A dictionary listing shortforms with available models can be imported as follows


In [19]:
from adeft import available_shortforms

print(available_shortforms)

{'PC': 'PC', 'EMT': 'EMT', 'SP': 'SP', 'PE': 'PE', 'ROS': 'ROS', 'NP': 'NP:NP_S', 'NPs': 'NP:NP_S', 'MS': 'MS', 'MT': 'MT', 'BP': 'BP', 'GH': 'GH', 'AD': 'AD', 'GT': 'GT', 'DA': 'DA', 'GR': 'GR', 'IR': 'IR', 'HK2': 'HK2', 'ARF': 'ARF', 'CS': 'CS', 'EC': 'EC', 'STD': 'STD', 'PD1': 'PD1', 'TGH': 'TGH', 'PKD': 'PKD', 'RA': 'RA', 'PCP': 'PCP', 'PI': 'PI', 'PS': 'PS', 'PA': 'PA', 'MB': 'MB', 'HA': 'HA', 'AR': 'AR', 'HR': 'HR', 'NE': 'NE', 'UBC': 'UBC', 'GSC': 'GSC', 'AA': 'AA', 'NIS': 'NIS', 'GC': 'GC', 'CM': 'CM', 'RB': 'RB:R_B', 'Rb': 'RB:R_B', 'LH': 'LH', 'ER': 'ER', 'TF': 'TF', 'PGP': 'PGP', 'MCT': 'MCT', 'TG': 'TG'}


The dictionary maps shortforms to model names. It's possible and often desirable for synonymous shortforms to share a model. For example NP and NPs (often standing for nanoparticles) share a model.

In [20]:
print('NP can be disambiguated with the model %s' % available_shortforms['NP'])
print('NPs can be disambiguated with the model %s' % available_shortforms['NPs'])

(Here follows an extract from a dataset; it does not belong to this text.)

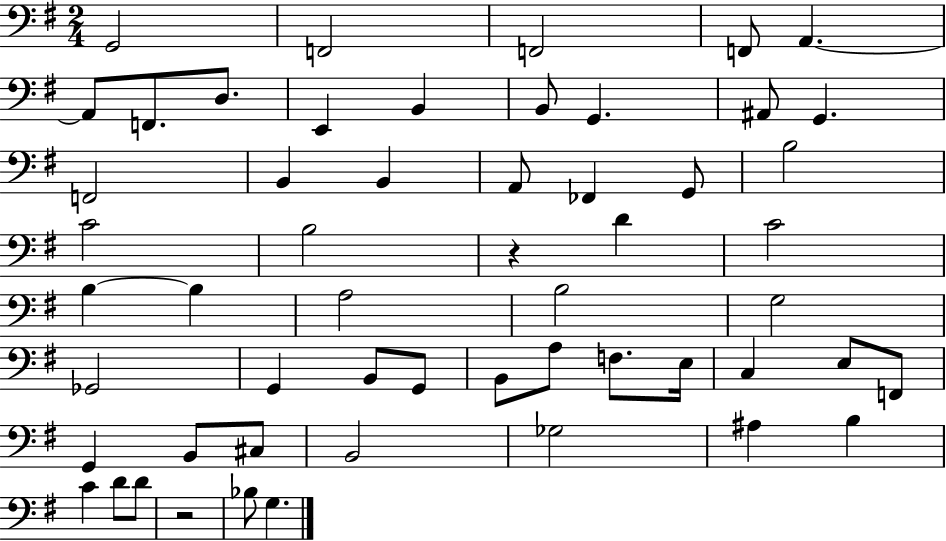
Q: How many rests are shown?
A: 2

NP can be disambiguated with the model NP:NP_S
NPs can be disambiguated with the model NP:NP_S


A pretrained disambiguator can be loaded as follows

In [21]:
from adeft.disambiguate import load_disambiguator

ir = load_disambiguator('IR')

Disambiguators have a method, info, that produces a summary of relevant information. Users can see the disambiguations a model can produce, the class balance of labels in the models training data, and metrics describing the models crossvalidated performance on the training data. Depending on how the model was trained, classification metrics may or may not be available.

In [22]:
print(ir.info())

Disambiguation model for IR

Produces the disambiguations:
	Radiation, Ionizing*	MESH:D011839
	Insulin Resistance	MESH:D007333
	INSR*	HGNC:6091
	Reperfusion Injury	MESH:D015427

Training data had class balance:
	Radiation, Ionizing*	2703
	Insulin Resistance	1495
	INSR*	1460
	Reperfusion Injury	881
	Ungrounded	726

Classification Metrics:
	F1 score:	0.9741
	Precision:	0.97399
	Recall:		0.9743

* Positive labels
See Docstring for explanation



The labels that appear appended with a star are the positive labels for calculating the classification metrics. For cases where there are multiple positive labels, adeft takes the weighted average of these metrics for each positive label weighted by the frequency of each label in the test data.

## Disambiguating

Adeft first searches for defining patterns (DPs) in a text to produce a disambiguation. A defining pattern (DP) consists of a longform followed by its shortform contained in parentheses. DPs for DP and DPs appear in the previous two sentences

In [23]:
example1 = ('Ionizing radiation (IR) is radiation that carries enough energy to detach electrons'
            ' from atoms or molecules')

In [24]:
ir.disambiguate(example1)

('MESH:D011839',
 'Radiation, Ionizing',
 {'ungrounded': 0.0,
  'MESH:D011839': 1.0,
  'HGNC:6091': 0.0,
  'MESH:D007333': 0.0,
  'MESH:D015427': 0.0})

The disambiguate method returns a tuple containing three elements: a grounding consisting of a name space and an ID separated by a colon, a standard name for the grounding, and a dictionary mapping possible groundings to confidence scores. Since a defining pattern exists in this instance, adeft has 100% confidence.

### Name Spaces
Currently pretrained Adeft models ground shortforms to the namespaces.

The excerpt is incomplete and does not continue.